**WHAT TO PRODUCE**
Copy the listing below in full, exactly as given.

**RECORDED INFORMATION**
--- START ---

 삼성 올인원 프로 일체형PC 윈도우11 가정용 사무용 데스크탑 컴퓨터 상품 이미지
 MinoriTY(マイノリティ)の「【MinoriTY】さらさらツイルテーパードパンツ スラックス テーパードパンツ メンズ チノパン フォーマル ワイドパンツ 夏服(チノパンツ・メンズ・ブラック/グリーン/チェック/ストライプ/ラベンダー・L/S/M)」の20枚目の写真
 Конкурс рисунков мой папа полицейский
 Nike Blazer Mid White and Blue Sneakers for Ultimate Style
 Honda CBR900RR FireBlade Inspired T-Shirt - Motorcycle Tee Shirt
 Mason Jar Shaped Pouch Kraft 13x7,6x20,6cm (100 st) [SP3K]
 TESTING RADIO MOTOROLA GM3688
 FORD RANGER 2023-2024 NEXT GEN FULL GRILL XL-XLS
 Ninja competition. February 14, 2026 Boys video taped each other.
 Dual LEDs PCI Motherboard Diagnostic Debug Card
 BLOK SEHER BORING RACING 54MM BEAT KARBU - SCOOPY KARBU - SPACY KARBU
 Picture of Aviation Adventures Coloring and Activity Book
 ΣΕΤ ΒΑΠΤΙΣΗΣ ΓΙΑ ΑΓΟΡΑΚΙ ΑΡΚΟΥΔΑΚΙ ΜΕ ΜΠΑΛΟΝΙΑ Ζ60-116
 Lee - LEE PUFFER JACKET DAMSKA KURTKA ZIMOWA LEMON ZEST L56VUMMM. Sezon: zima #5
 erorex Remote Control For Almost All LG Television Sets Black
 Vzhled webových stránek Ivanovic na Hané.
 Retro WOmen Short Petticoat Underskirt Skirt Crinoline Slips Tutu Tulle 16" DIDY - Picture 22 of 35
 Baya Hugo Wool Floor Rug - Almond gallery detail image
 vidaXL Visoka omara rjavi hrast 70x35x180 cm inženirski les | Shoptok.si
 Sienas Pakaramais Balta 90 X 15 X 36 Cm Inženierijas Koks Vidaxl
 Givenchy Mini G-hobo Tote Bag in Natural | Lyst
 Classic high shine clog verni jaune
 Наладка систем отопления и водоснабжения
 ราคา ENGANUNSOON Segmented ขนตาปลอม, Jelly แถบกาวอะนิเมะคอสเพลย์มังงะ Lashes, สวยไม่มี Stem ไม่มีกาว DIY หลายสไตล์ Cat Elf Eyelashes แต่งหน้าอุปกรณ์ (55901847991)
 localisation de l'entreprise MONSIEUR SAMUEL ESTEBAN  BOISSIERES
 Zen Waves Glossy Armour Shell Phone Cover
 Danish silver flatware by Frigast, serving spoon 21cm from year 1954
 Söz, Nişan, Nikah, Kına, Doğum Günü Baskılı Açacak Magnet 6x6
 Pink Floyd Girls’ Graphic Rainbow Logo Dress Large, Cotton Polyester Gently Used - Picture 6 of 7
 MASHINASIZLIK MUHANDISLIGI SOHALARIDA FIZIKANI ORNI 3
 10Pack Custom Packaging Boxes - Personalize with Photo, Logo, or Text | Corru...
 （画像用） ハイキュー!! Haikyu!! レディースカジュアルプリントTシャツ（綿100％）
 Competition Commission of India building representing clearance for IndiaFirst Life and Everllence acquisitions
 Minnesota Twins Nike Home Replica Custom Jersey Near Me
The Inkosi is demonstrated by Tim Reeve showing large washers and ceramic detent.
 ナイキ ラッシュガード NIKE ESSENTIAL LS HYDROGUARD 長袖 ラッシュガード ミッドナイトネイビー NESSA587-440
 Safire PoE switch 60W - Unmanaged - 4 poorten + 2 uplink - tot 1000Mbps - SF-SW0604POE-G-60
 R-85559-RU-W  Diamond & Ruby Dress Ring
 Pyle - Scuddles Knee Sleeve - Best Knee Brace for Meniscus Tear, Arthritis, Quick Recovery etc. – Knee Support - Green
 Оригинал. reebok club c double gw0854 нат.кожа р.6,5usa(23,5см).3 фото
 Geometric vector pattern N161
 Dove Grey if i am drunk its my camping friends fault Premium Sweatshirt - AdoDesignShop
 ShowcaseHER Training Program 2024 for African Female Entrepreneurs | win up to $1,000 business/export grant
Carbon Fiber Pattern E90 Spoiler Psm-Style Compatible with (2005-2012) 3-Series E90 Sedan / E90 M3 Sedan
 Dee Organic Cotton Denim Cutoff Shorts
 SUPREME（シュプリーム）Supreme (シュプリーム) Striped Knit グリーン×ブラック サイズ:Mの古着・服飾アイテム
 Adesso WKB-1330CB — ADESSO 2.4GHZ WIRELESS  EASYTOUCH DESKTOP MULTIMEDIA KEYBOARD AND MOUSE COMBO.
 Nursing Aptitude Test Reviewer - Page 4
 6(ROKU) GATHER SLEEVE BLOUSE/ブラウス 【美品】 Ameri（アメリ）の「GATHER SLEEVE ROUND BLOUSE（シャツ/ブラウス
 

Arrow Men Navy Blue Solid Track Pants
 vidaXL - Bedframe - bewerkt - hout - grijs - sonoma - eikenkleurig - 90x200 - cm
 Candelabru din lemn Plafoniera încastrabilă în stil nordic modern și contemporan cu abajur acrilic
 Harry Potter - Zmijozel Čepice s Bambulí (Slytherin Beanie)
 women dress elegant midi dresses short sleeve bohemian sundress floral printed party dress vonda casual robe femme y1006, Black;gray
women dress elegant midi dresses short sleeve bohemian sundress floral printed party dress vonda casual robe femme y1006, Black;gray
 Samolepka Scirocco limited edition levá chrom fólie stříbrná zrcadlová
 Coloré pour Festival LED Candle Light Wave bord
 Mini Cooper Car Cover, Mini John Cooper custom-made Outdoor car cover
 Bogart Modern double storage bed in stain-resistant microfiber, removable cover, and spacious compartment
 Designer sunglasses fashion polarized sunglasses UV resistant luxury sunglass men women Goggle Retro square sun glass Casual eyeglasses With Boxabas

--- END ---

**EXERCISE RESULT**
 삼성 올인원 프로 일체형PC 윈도우11 가정용 사무용 데스크탑 컴퓨터 상품 이미지
 MinoriTY(マイノリティ)の「【MinoriTY】さらさらツイルテーパードパンツ スラックス テーパードパンツ メンズ チノパン フォーマル ワイドパンツ 夏服(チノパンツ・メンズ・ブラック/グリーン/チェック/ストライプ/ラベンダー・L/S/M)」の20枚目の写真
 Конкурс рисунков мой папа полицейский
 Nike Blazer Mid White and Blue Sneakers for Ultimate Style
 Honda CBR900RR FireBlade Inspired T-Shirt - Motorcycle Tee Shirt
 Mason Jar Shaped Pouch Kraft 13x7,6x20,6cm (100 st) [SP3K]
 TESTING RADIO MOTOROLA GM3688
 FORD RANGER 2023-2024 NEXT GEN FULL GRILL XL-XLS
 Ninja competition. February 14, 2026 Boys video taped each other.
 Dual LEDs PCI Motherboard Diagnostic Debug Card
 BLOK SEHER BORING RACING 54MM BEAT KARBU - SCOOPY KARBU - SPACY KARBU
 Picture of Aviation Adventures Coloring and Activity Book
 ΣΕΤ ΒΑΠΤΙΣΗΣ ΓΙΑ ΑΓΟΡΑΚΙ ΑΡΚΟΥΔΑΚΙ ΜΕ ΜΠΑΛΟΝΙΑ Ζ60-116
 Lee - LEE PUFFER JACKET DAMSKA KURTKA ZIMOWA LEMON ZEST L56VUMMM. Sezon: zima #5
 erorex Remote Control For Almost All LG Television Sets Black
 Vzhled webových stránek Ivanovic na Hané.
 Retro WOmen Short Petticoat Underskirt Skirt Crinoline Slips Tutu Tulle 16" DIDY - Picture 22 of 35
 Baya Hugo Wool Floor Rug - Almond gallery detail image
 vidaXL Visoka omara rjavi hrast 70x35x180 cm inženirski les | Shoptok.si
 Sienas Pakaramais Balta 90 X 15 X 36 Cm Inženierijas Koks Vidaxl
 Givenchy Mini G-hobo Tote Bag in Natural | Lyst
 Classic high shine clog verni jaune
 Наладка систем отопления и водоснабжения
 ราคา ENGANUNSOON Segmented ขนตาปลอม, Jelly แถบกาวอะนิเมะคอสเพลย์มังงะ Lashes, สวยไม่มี Stem ไม่มีกาว DIY หลายสไตล์ Cat Elf Eyelashes แต่งหน้าอุปกรณ์ (55901847991)
 localisation de l'entreprise MONSIEUR SAMUEL ESTEBAN  BOISSIERES
 Zen Waves Glossy Armour Shell Phone Cover
 Danish silver flatware by Frigast, serving spoon 21cm from year 1954
 Söz, Nişan, Nikah, Kına, Doğum Günü Baskılı Açacak Magnet 6x6
 Pink Floyd Girls’ Graphic Rainbow Logo Dress Large, Cotton Polyester Gently Used - Picture 6 of 7
 MASHINASIZLIK MUHANDISLIGI SOHALARIDA FIZIKANI ORNI 3
 10Pack Custom Packaging Boxes - Personalize with Photo, Logo, or Text | Corru...
 （画像用） ハイキュー!! Haikyu!! レディースカジュアルプリントTシャツ（綿100％）
 Competition Commission of India building representing clearance for IndiaFirst Life and Everllence acquisitions
 Minnesota Twins Nike Home Replica Custom Jersey Near Me
The Inkosi is demonstrated by Tim Reeve showing large washers and ceramic detent.
 ナイキ ラッシュガード NIKE ESSENTIAL LS HYDROGUARD 長袖 ラッシュガード ミッドナイトネイビー NESSA587-440
 Safire PoE switch 60W - Unmanaged - 4 poorten + 2 uplink - tot 1000Mbps - SF-SW0604POE-G-60
 R-85559-RU-W  Diamond & Ruby Dress Ring
 Pyle - Scuddles Knee Sleeve - Best Knee Brace for Meniscus Tear, Arthritis, Quick Recovery etc. – Knee Support - Green
 Оригинал. reebok club c double gw0854 нат.кожа р.6,5usa(23,5см).3 фото
 Geometric vector pattern N161
 Dove Grey if i am drunk its my camping friends fault Premium Sweatshirt - AdoDesignShop
 ShowcaseHER Training Program 2024 for African Female Entrepreneurs | win up to $1,000 business/export grant
Carbon Fiber Pattern E90 Spoiler Psm-Style Compatible with (2005-2012) 3-Series E90 Sedan / E90 M3 Sedan
 Dee Organic Cotton Denim Cutoff Shorts
 SUPREME（シュプリーム）Supreme (シュプリーム) Striped Knit グリーン×ブラック サイズ:Mの古着・服飾アイテム
 Adesso WKB-1330CB — ADESSO 2.4GHZ WIRELESS  EASYTOUCH DESKTOP MULTIMEDIA KEYBOARD AND MOUSE COMBO.
 Nursing Aptitude Test Reviewer - Page 4
 6(ROKU) GATHER SLEEVE BLOUSE/ブラウス 【美品】 Ameri（アメリ）の「GATHER SLEEVE ROUND BLOUSE（シャツ/ブラウス
 

Arrow Men Navy Blue Solid Track Pants
 vidaXL - Bedframe - bewerkt - hout - grijs - sonoma - eikenkleurig - 90x200 - cm
 Candelabru din lemn Plafoniera încastrabilă în stil nordic modern și contemporan cu abajur acrilic
 Harry Potter - Zmijozel Čepice s Bambulí (Slytherin Beanie)
 women dress elegant midi dresses short sleeve bohemian sundress floral printed party dress vonda casual robe femme y1006, Black;gray
women dress elegant midi dresses short sleeve bohemian sundress floral printed party dress vonda casual robe femme y1006, Black;gray
 Samolepka Scirocco limited edition levá chrom fólie stříbrná zrcadlová
 Coloré pour Festival LED Candle Light Wave bord
 Mini Cooper Car Cover, Mini John Cooper custom-made Outdoor car cover
 Bogart Modern double storage bed in stain-resistant microfiber, removable cover, and spacious compartment
 Designer sunglasses fashion polarized sunglasses UV resistant luxury sunglass men women Goggle Retro square sun glass Casual eyeglasses With Boxabas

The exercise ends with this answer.